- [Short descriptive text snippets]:
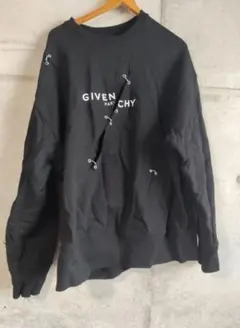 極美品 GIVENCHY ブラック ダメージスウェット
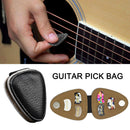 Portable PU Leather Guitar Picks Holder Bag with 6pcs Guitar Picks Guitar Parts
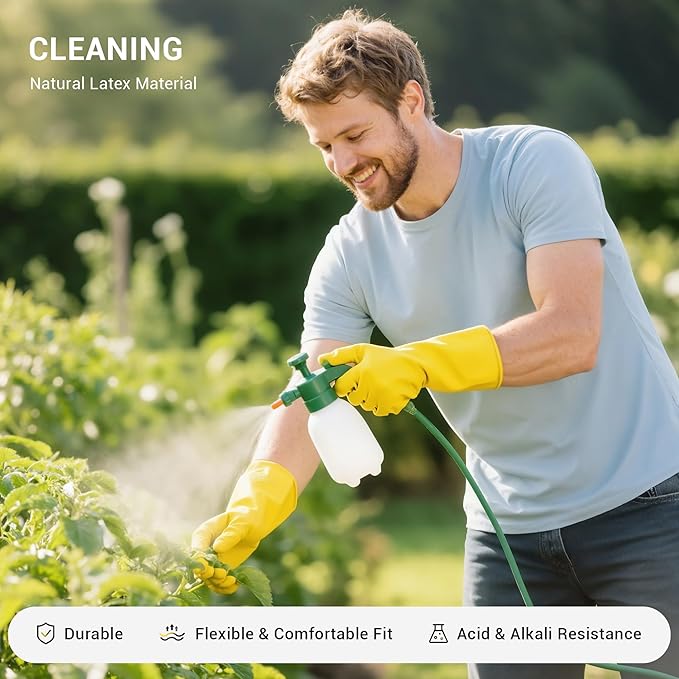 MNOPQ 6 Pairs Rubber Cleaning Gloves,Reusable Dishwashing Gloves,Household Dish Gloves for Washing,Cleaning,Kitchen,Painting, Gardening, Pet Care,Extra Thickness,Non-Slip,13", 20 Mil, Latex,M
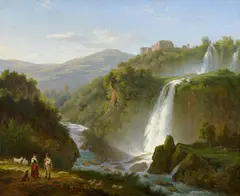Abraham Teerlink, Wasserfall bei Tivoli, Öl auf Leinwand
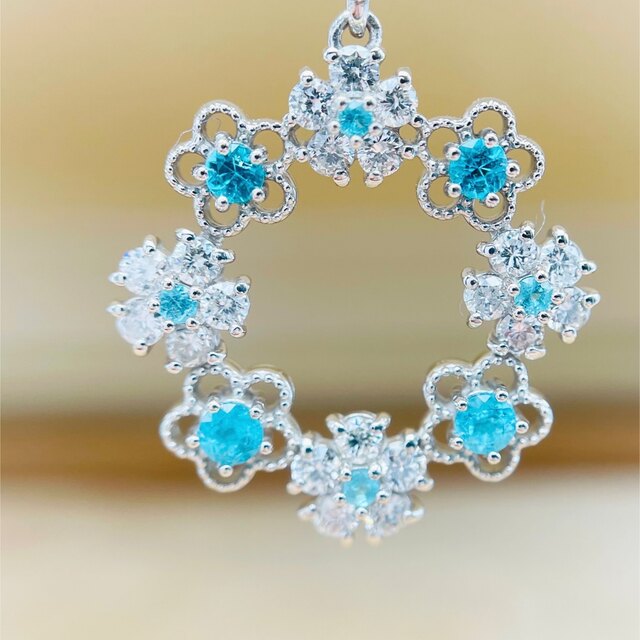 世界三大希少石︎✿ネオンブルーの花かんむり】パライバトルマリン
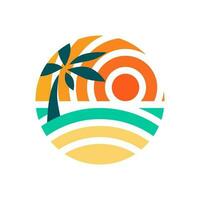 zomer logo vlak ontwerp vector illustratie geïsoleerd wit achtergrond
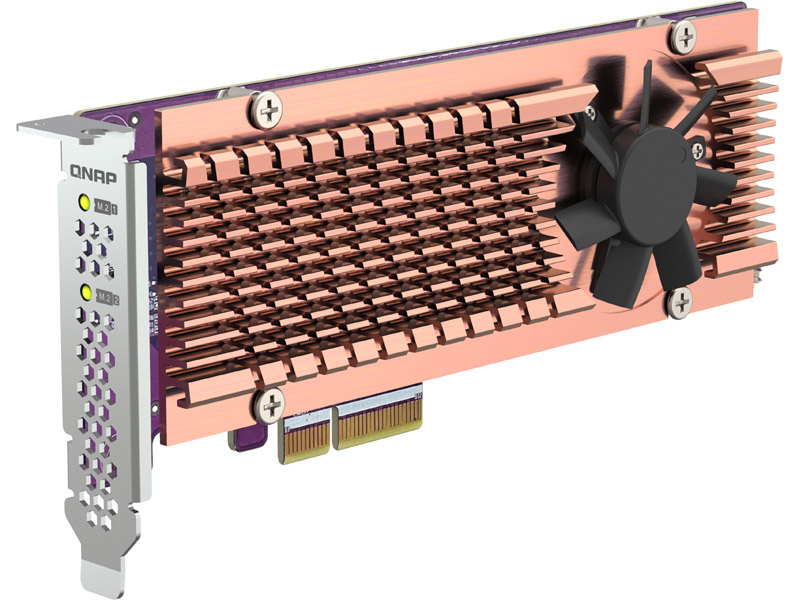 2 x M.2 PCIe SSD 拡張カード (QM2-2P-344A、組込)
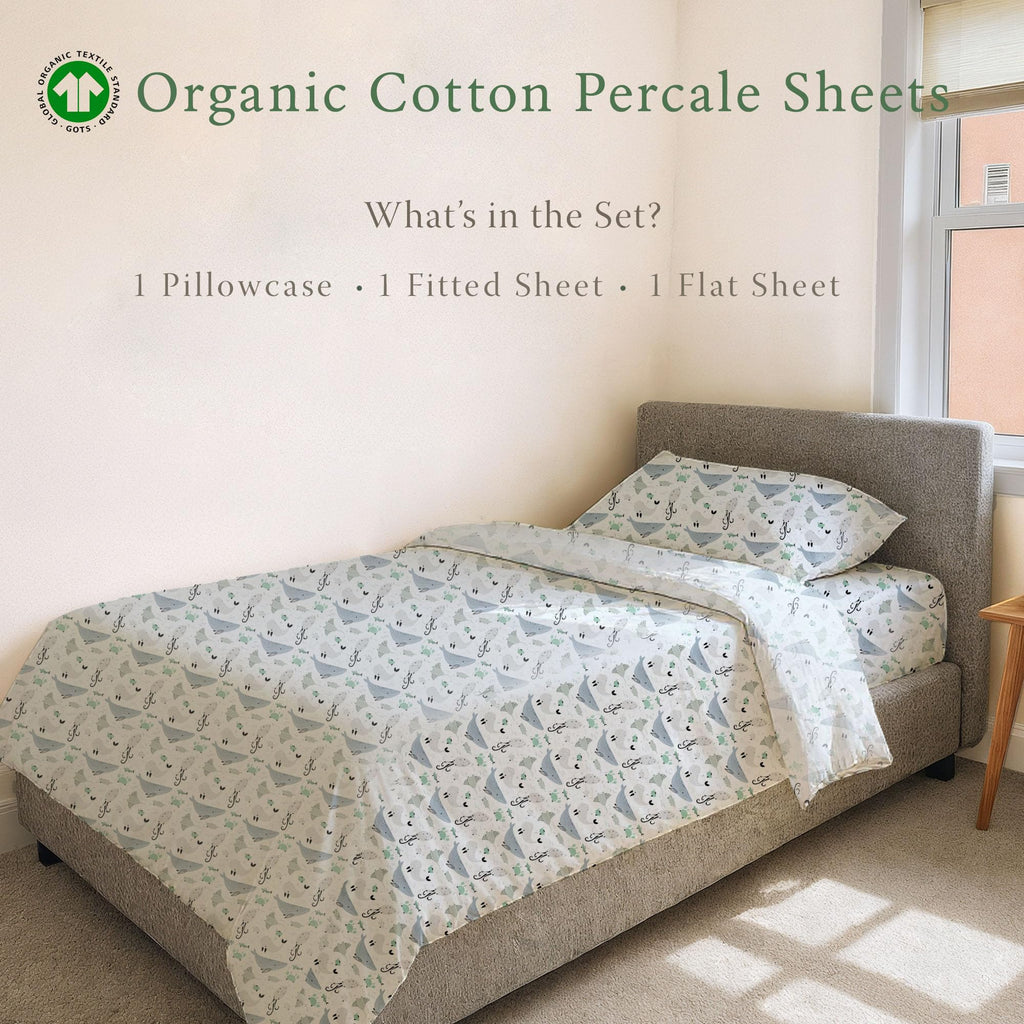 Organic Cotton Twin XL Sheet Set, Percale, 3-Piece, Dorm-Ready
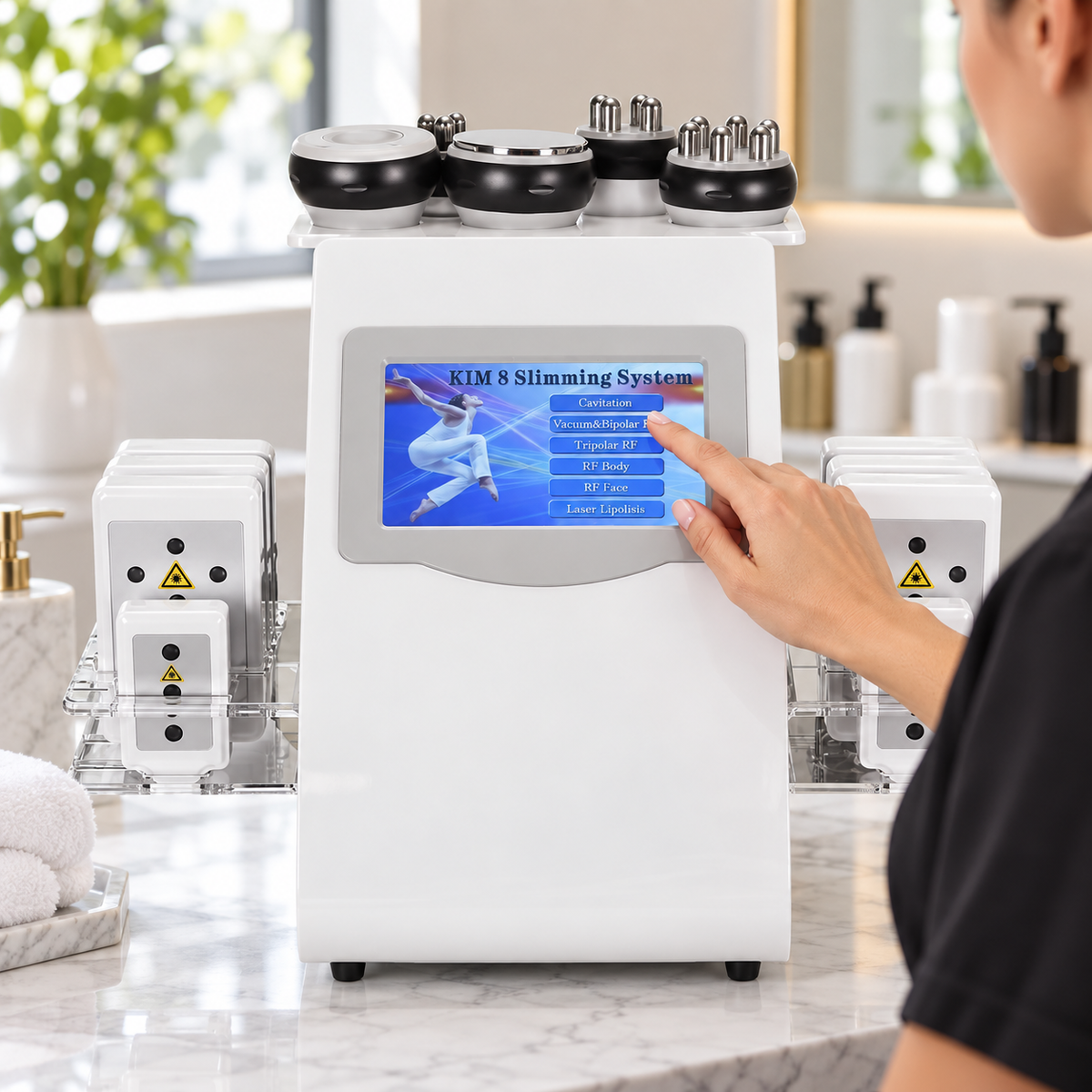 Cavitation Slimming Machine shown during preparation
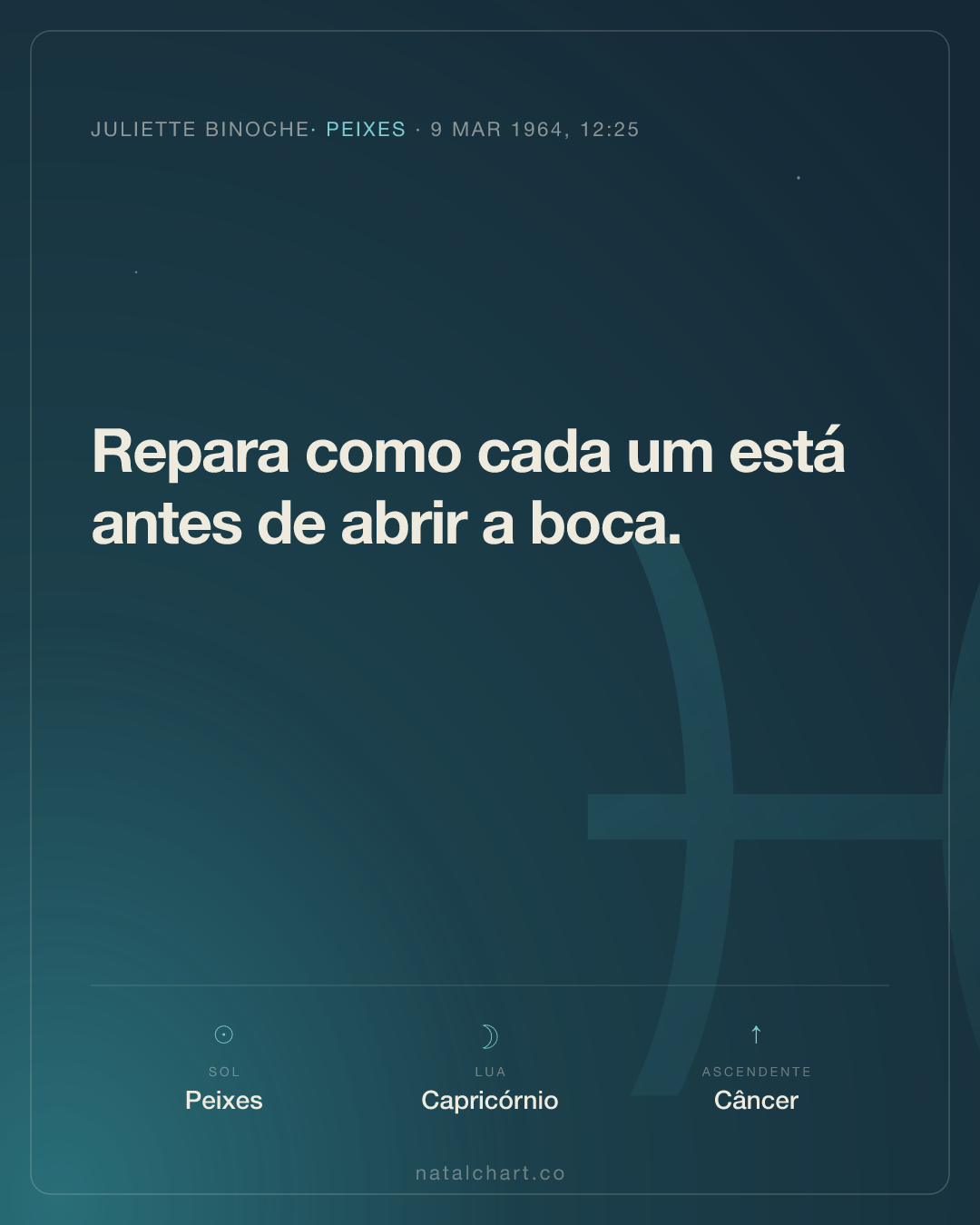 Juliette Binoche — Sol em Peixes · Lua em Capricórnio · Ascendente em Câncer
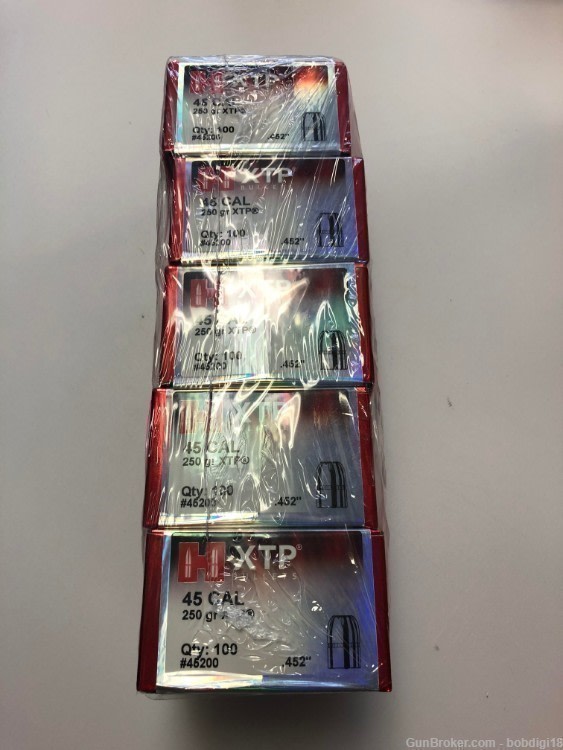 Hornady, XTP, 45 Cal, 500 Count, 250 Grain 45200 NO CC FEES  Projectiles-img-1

- [Problem to solve]: From the line containing "zomer logo vlak" through the last line of the entries, copy each line exactly and only those, skipping all pictures.

- [Answer]:
 zomer logo vlak ontwerp vector illustratie geïsoleerd wit achtergrond
 2 x M.2 PCIe SSD 拡張カード (QM2-2P-344A、組込)
 Organic Cotton Twin XL Sheet Set, Percale, 3-Piece, Dorm-Ready
 Cavitation Slimming Machine shown during preparation
 Juliette Binoche — Sol em Peixes · Lua em Capricórnio · Ascendente em Câncer
 Hornady, XTP, 45 Cal, 500 Count, 250 Grain 45200 NO CC FEES  Projectiles-img-1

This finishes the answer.